Here is the one possible definition of the universal hash family (from my professor's book):
A family $\{h_a | a \in A\}$ of functions $X \to Y$ is an r-universal hash family if, and only if, for every r-tupel $(x_1,...,x_r) \in X^r$ with all $x_j$ distinct, and every r-tuple $(y_1,...,y_r) \in Y^r$, it holds that:
$$P_{a \in A}(h_a(x_1)=y_1 \wedge...h_a(x_r)=y_r) ~=~ 1/|Y|^r$$
Generally, I understand the definition yet the one thing I found rather unclear. As we draw $a$ uniformly at random from $A$ and it should be so for every value we are hashing why the definition utilizes the same $a$ for hashing all the $r$ different inputs?
What am I missing here?
The most universal family one can imagine is of size $|Y|^n$ with $n=|X|$, namely the family $$ \{h_{(y_1,...,y_n)}\mid h_{(y_1,...,y_n)}(x_i)=y_i, (y_1,...,y_n)\in Y^n\} $$ This family is $n$-universal. Choosing a hash function uniformly at random from this family essentially means choosing an $n$-tuple $(y_1,...,y_n)$ uniformly at random from $Y^n$. Thus any $n$-tuple output is equally likely.

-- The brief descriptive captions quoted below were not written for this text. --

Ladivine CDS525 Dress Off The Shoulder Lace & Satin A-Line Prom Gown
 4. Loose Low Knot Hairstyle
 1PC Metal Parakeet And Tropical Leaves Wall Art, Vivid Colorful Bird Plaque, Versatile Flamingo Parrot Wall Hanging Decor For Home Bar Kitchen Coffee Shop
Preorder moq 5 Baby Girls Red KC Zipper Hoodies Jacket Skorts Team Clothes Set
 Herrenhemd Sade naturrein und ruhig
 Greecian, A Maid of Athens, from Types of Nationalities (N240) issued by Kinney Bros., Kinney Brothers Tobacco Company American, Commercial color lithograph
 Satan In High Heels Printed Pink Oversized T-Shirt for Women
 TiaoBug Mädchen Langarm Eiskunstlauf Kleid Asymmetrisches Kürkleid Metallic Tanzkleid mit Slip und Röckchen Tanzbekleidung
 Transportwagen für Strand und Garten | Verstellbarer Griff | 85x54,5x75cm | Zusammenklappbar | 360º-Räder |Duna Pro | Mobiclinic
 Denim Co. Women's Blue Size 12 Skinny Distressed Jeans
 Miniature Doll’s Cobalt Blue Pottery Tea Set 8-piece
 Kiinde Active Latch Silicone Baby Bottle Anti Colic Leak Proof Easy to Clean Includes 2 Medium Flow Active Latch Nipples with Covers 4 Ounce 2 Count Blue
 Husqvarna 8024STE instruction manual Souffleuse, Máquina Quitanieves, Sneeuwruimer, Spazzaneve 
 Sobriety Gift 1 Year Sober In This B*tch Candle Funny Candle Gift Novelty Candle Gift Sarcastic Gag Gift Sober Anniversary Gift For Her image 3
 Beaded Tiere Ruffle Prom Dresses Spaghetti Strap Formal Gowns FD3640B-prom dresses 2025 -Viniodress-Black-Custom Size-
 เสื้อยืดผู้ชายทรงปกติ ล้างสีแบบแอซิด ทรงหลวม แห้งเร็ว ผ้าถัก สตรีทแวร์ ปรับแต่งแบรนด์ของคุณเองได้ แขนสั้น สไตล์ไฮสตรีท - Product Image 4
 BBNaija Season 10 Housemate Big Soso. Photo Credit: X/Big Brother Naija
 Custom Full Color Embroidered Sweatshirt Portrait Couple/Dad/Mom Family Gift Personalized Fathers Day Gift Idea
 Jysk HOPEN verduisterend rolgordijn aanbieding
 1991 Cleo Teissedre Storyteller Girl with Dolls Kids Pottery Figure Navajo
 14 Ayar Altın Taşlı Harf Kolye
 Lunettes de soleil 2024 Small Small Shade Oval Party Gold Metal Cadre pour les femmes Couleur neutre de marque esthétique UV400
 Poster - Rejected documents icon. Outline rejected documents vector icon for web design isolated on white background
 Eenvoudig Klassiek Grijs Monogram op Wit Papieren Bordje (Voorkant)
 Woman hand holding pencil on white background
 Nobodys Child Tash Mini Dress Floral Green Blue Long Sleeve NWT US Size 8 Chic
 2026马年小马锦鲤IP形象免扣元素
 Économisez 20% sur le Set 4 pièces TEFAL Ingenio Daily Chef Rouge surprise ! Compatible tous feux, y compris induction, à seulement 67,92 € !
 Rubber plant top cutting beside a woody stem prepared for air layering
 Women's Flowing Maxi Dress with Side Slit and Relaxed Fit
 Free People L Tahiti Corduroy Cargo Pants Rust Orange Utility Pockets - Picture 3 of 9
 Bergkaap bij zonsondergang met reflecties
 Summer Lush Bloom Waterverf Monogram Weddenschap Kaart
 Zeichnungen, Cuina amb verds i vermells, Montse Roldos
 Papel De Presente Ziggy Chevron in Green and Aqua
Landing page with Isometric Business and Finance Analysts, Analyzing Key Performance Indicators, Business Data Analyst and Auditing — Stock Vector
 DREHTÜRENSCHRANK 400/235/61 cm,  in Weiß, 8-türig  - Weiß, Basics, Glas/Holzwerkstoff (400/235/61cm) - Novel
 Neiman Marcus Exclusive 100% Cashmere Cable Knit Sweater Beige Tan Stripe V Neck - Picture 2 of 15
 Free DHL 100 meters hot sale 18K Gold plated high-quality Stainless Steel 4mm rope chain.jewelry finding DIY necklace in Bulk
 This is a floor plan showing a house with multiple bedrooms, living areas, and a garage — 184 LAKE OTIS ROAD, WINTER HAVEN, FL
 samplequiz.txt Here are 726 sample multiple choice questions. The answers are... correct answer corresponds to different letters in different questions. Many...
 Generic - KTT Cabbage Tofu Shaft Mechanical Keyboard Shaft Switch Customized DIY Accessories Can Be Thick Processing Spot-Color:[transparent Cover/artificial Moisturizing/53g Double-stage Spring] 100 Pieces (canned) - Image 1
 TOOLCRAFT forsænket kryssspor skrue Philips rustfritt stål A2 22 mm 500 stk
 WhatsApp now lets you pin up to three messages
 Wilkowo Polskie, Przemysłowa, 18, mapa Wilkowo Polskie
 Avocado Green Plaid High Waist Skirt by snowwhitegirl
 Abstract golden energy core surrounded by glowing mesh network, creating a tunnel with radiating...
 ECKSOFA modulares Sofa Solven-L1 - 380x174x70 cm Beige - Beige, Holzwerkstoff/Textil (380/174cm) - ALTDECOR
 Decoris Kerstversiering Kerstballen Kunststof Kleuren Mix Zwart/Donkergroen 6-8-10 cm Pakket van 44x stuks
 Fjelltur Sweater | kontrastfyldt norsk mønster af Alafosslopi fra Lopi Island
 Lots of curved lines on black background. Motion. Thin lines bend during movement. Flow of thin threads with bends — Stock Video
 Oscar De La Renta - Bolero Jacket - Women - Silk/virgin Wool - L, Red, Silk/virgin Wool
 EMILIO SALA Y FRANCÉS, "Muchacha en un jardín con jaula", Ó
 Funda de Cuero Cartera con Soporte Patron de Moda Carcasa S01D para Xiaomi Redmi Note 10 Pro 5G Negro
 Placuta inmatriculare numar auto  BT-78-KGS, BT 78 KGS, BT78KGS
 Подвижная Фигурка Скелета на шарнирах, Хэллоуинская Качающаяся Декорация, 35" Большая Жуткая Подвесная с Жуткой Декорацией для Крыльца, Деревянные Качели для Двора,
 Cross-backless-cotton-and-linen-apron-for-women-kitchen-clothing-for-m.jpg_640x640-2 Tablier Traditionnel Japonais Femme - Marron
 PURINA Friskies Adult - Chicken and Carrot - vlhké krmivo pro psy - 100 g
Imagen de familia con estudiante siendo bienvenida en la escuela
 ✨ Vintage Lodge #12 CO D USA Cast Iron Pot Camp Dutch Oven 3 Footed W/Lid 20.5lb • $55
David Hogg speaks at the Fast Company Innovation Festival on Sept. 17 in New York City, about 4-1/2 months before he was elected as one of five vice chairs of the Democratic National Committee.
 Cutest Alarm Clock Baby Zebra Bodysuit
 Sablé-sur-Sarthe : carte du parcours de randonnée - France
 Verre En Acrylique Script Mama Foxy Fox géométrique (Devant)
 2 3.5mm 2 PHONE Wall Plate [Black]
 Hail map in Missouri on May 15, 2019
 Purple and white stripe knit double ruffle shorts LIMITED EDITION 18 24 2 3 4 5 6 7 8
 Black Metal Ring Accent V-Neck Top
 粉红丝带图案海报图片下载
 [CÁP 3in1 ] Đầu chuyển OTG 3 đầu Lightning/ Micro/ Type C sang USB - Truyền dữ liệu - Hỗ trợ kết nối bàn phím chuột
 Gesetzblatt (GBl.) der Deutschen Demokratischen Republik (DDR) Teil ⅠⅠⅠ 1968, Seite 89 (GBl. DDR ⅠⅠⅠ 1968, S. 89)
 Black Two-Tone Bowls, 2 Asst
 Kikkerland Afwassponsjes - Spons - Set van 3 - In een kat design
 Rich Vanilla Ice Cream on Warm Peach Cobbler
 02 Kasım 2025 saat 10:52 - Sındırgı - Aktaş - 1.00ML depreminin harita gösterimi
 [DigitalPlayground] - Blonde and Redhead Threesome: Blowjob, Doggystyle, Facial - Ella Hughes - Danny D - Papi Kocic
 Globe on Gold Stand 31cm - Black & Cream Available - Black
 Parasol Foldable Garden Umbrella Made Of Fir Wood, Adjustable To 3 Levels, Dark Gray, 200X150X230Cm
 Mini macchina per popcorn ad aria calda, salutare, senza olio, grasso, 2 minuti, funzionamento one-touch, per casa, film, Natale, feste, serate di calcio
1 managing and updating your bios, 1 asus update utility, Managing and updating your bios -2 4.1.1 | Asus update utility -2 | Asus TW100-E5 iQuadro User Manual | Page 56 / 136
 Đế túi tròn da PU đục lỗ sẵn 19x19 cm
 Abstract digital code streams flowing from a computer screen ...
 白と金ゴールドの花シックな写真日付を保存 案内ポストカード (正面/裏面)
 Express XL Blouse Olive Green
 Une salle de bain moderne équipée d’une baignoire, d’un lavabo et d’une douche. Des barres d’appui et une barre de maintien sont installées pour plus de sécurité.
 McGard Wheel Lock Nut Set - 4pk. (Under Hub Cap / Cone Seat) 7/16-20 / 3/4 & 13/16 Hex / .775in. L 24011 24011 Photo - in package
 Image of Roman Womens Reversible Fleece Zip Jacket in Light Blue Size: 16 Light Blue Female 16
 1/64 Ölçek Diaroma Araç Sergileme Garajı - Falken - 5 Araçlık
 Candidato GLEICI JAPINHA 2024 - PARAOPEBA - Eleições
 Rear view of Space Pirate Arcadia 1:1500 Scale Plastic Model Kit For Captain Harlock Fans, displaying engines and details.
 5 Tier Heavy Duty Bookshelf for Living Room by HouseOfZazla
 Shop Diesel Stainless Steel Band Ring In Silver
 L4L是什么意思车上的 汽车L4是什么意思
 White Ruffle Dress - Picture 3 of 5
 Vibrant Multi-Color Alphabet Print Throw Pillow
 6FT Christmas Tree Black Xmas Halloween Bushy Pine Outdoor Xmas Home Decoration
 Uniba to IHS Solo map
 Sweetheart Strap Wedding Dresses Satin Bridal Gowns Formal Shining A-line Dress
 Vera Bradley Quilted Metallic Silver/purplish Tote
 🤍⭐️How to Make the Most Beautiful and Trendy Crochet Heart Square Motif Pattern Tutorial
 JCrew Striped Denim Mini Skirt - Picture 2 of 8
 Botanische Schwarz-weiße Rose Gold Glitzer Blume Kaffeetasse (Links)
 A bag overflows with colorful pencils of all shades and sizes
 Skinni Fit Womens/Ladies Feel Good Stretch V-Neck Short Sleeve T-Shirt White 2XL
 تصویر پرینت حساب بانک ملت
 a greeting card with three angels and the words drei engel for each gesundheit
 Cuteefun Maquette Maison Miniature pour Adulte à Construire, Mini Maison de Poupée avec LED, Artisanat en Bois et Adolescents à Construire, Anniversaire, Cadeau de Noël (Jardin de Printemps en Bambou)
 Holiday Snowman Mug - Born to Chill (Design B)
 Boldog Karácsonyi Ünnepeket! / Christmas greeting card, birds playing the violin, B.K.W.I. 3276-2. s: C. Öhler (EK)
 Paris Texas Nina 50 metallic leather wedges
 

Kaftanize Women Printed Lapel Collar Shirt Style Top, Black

At the other end of the scale we have the $1$-universal family I suggested in the comment section, namely $$ \{h_y\mid h_y(x)=y, y\in Y\} $$ where a single output from a randomly chosen function will appear random, but not more than that.
For $1<r<n$ we have $r$-universal families that make $r$ outputs from the same uniformly randomly chosen hash function appear uniformly random. It should appear as if $h_a$ outputs an $r$-tuple in $Y^r$ chosen uniformly at random.